In this lab, we will study the *implicit bias* induced by *Gradient Descent* optimization in the simple case of *linear regression*, fitted on a toy dataset. In particular, we will show that GD-optimized weights converge to the **least norm** solution of the linear regression problem.

Then, we will study how different initializations and different optimizers affect the weights learned by a *Convolutional neural network*.


An analysis of implicit regularization (aka implicit bias) induced by *Stochastic Gradient Descent* in *full-width linear fully-connected* and *full-width linear convolutional* neural networks is provided in [this paper](https://arxiv.org/abs/1806.00468).



In [None]:
import numpy as np
import matplotlib.pyplot as plt
from scipy import linalg as LA
import random

random.seed(546)
np.random.seed(987)

## Linear regression


Let's first create a function which generates data.
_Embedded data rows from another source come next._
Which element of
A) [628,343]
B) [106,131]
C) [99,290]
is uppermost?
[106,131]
You've already seen this in many previous labs.

In [None]:
def datagen(d, points, m, M, w, sigma):
    X = np.zeros((points,d))
    for i in range(points):
        X[i,:] = np.random.uniform(m, M, d)
    eps = np.random.normal(0, sigma, points)
    y = np.dot(X,w) + eps 
    return X, y

We can visualise the data created if $d=1$.

In [None]:
d = 1
w = np.random.normal(0, 1, d)
sigma = 3
points = 100
m = -10
M = 10

X, y = datagen(d, points, m, M, w, sigma)
fig, ax =plt.subplots()
ax.scatter(X,y)
ax.plot(X,np.dot(X,w), color = "red")
ax.set_title('Data')

fig.show()

Let's now create the data set that we will use, in a higher dimension.

In [None]:
d = 10
w = np.random.normal(0,1,d)
sigma = 3
points = 1000
m = -10
M = 10

X, y = datagen(d, points, m, M, w, sigma)
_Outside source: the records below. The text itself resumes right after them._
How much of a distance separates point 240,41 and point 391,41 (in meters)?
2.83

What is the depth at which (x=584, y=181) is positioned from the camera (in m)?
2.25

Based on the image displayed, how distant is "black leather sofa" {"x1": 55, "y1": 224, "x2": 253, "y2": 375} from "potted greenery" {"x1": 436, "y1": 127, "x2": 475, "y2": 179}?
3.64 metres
In the case of **linear regression**, fitted by means of *least squares*, we optimize the following loss function:
$$
L=\|y-Xw\|_{2}^{2}.
$$

If we choose the *GD* optimization algorithm, we perform weight updates proportional to the gradient of the loss function:
$$
\nabla_{w} L = -X(y-Xw).
$$

Additionally, notice that the **least norm** solution of the *linear regression* problem is given by:
$$
w^{*}=(X^{T}X + \lambda I)^{-1}X^{T}y.
$$

##### 1. Compute the least norm solution of the linear regression problem.

In [None]:
def least_norm_reg(X, y, lam):
    # YOUR CODE
    pass

##### 2. Perform GD optimization of the linear regression problem iteratively, storing the weights at each iteration.

In [None]:
# gradient of the MSE corresponding to the ordinary least squares solution for linear regression
def OLSGradient(X, y, w):
    # YOUR CODE
    pass

# gradient descent for linear regression with learning rate gamma
def GD(X, y, Iter, gamma):
    # YOUR CODE
    pass

##### 3. Plot the evolution of the weights during GD optimization, showing their relation with the least norm solution.

In [None]:
# YOUR CODE

## Fully Connected Neural Network

*Remember to enable GPU acceleration! `Runtime` > `Change runtime type` > `Hardware acceleration` > `GPU`*

In [None]:
import torch
import torch.nn as nn
import torch.nn.functional as F
import torchvision
import torchvision.transforms as transforms
from time import time

torch.manual_seed(0)

### Loading the data set

The [CIFAR-10](https://www.cs.toronto.edu/~kriz/cifar.html) data set consists of $60000$ $32x32$ colour images in $10$ classes, with $6000$ images per class. There are $50000$ training images and $10000$ test images. 


In [None]:
BATCH_SIZE = 32

# Convert data to PyTorch tensor form and normalise it
# The output of torchvision datasets are PILImage images of range [0, 1]. We transform them to Tensors of normalized range [-1, 1].
data_transforms = transforms.Compose([transforms.ToTensor(), transforms.Normalize((0.5, 0.5, 0.5), (0.5, 0.5, 0.5))])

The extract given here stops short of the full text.